Environmental blockades in Canada against pipeline projects are being dismantled by a new regulatory regime, clearing a path to approval for TransCanada Corp.’s proposed oil conversion of its natural gas Mainline (see Daily GPI, April 3).
The barricades are coming down in a test case before the National Energy Board (NEB) on a small but hotly contested project by Enbridge Inc. that is the first outing for reforms enacted in 2012 by the Conservative government in Ottawa.
The pro-development intention of the reforms was advertised by the official title of the legislation: the Jobs, Growth and Long-Term Prosperity Act. Its practical meaning has surfaced in new NEB requirements for participation in its review of Enbridge’s C$129 million Line 9 Project, a reversal of currently westbound flows of oil imports and modest capacity increase to 300,000 b/d from 240,000 b/d to carry Alberta and U.S. production 639 kilometers (396 miles) east across Ontario and Quebec to Montreal refineries and export tanker docks on the St. Lawrence Seaway (see Daily GPI, April 8).

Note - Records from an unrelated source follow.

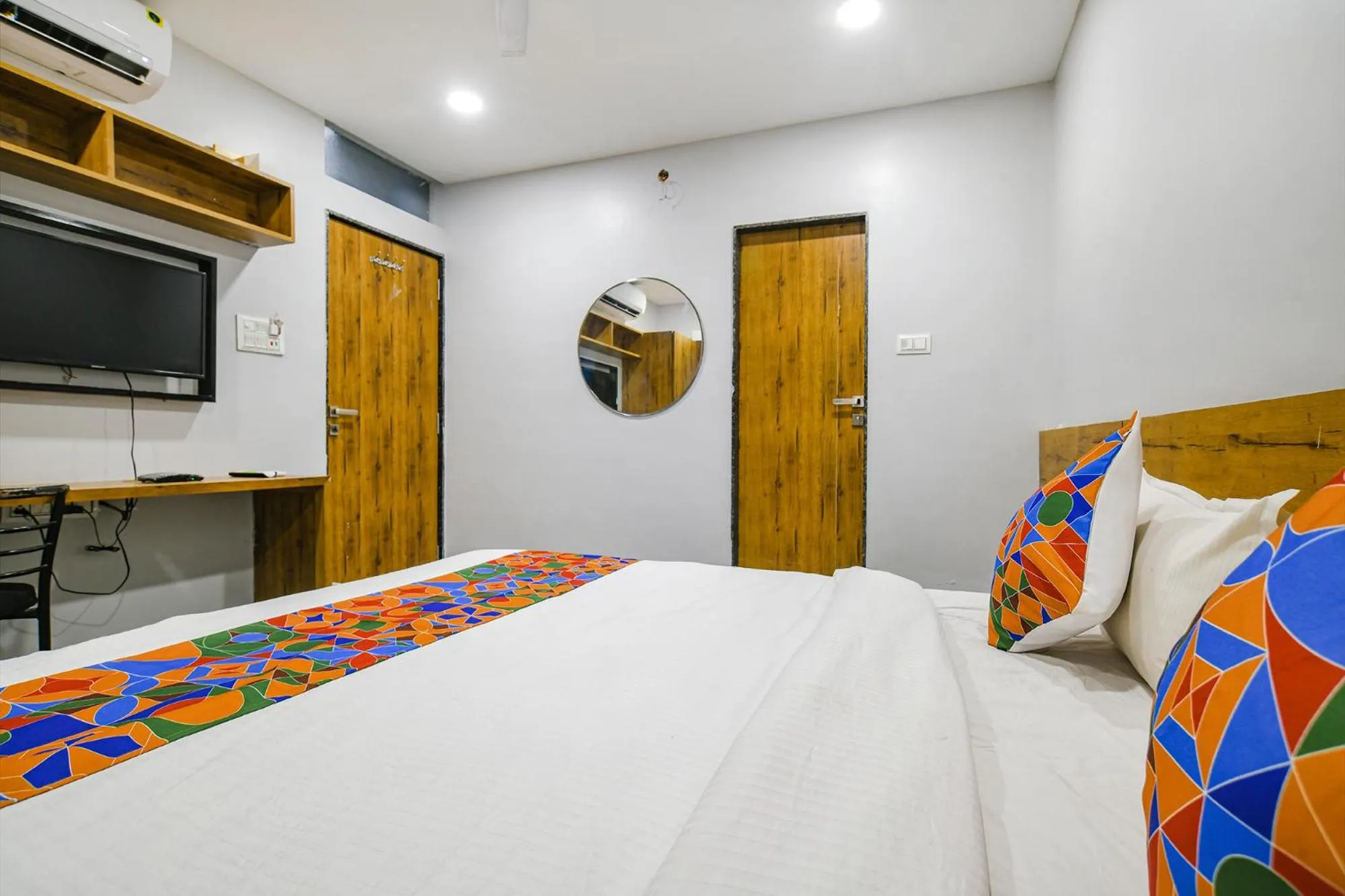 TV and multimedia in FabHotel Unity Landmark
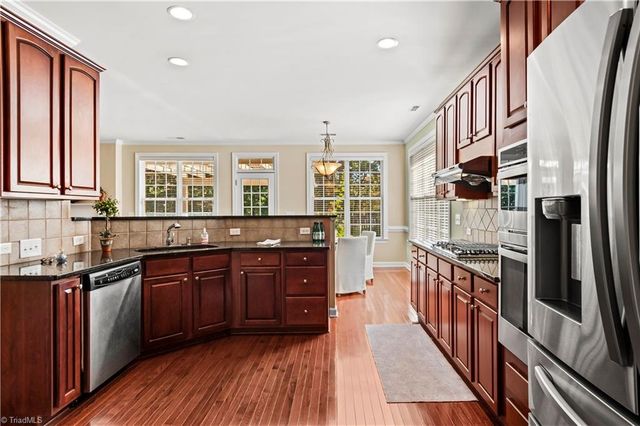 2023 Waterford Village Drive, Clemmons, NC 27012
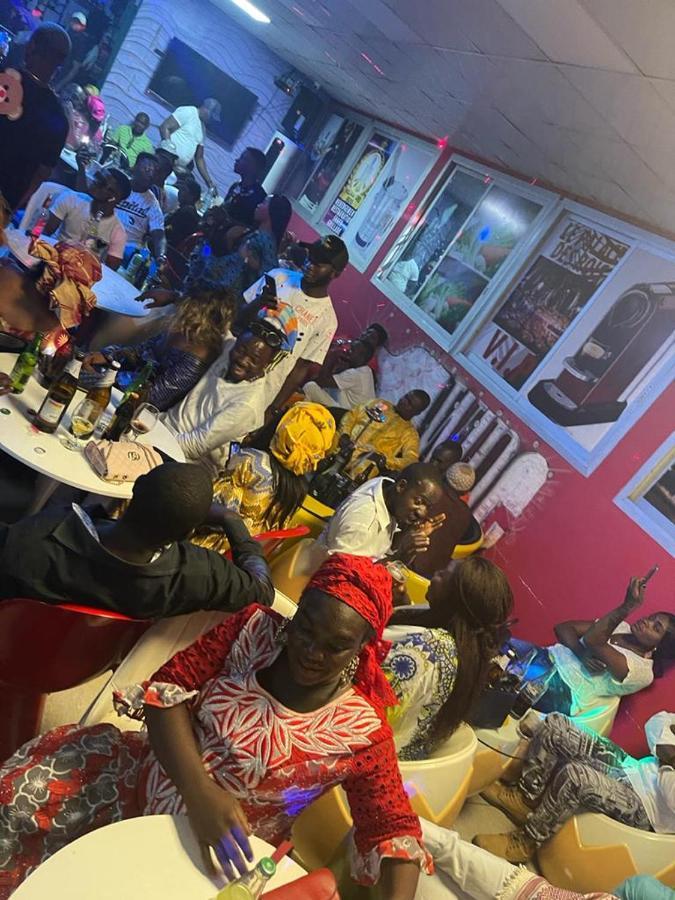 Palace Des Rois Douala Bagian luar foto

The new regime bared its teeth when environmentalists formed a long lineup to repeat resistance that delayed the Mackenzie Gas Project, Enbridge’s Northern Gateway proposal for a new route from Alberta to a tanker terminal on the Pacific Coast of British Columbia, and TransCanada’s Keystone XL plan for oilsands shipments to refineries on the coast of the Gulf of Mexico.

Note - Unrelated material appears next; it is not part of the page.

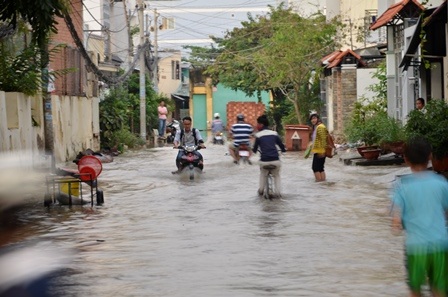 Một số khu dân cư tại quận 7 ngập chìm trong nước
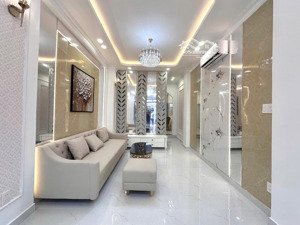 siêu phẩm phú nhuận 50m2- phan xích long - p3 - hẻm 3.5m - nhà 5 tầng btct - nở hậu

Canadian protests mimic the American fight against Keystone, and the non-governmental organizations (NGOs) involved are often alliances between groups active on both sides of the border. The pipeline schemes are being fought in the name of stopping or reversing growth of fossil fuel use in general and the northern Alberta oilsands in particular.
The 2012 regulatory reform legislation directed the NEB — and other regulatory authorities, especially the Canadian Environmental Assessment Agency — to ensure that they focus tightly on only the projects immediately before them, and solely on evidence as opposed to personal or political opinions.
The new regime takes special aim at stopping tactics known as “mob the mike,” where tens of thousands of comment letters and thousands of personal appearances to generate bulky files, eat time, and fill shelves of oral transcripts with objections that bog down regulatory proceedings and final deliberations by decision panels.
In general, the legislation limits participation to industry sponsors and citizens, groups or companies that are directly affected and potentially harmed by projects. The only exceptions are interveners with evidence and expertise deemed to be directly applicable to the cases before the regulatory agencies.
In the Enbridge Line 9 case, the NEB responded to the environmentalist groups by revealing details of the new process on application forms that must be completed before permission is granted to participate in cases.
The forms demand names, addresses and contact co-ordinates, detailed descriptions of how would-be participants are directly affected by the project in question, a written rundown on “relevant information or expertise,” and supporting documentation such as a resume and references.
The first exposure to the law court-like rules for regulatory cases has outraged veteran protesters such as Greenpeace Canada and Environmental Defense. From their Toronto offices, the two environmental non-governmental organizations fired off a press release across Canada that described the new rules of regulatory engagement as “undemocratic” and a violation of “basic rights and freedoms.”
As a tangle over procedures, rather than protest against a readily identifiable project or industry accident, the statement generated little publicity. At the same time, a ruling on issues that will be considered in the Enbridge case showed how tightly focused the NEB intends to become under the new regulatory regime.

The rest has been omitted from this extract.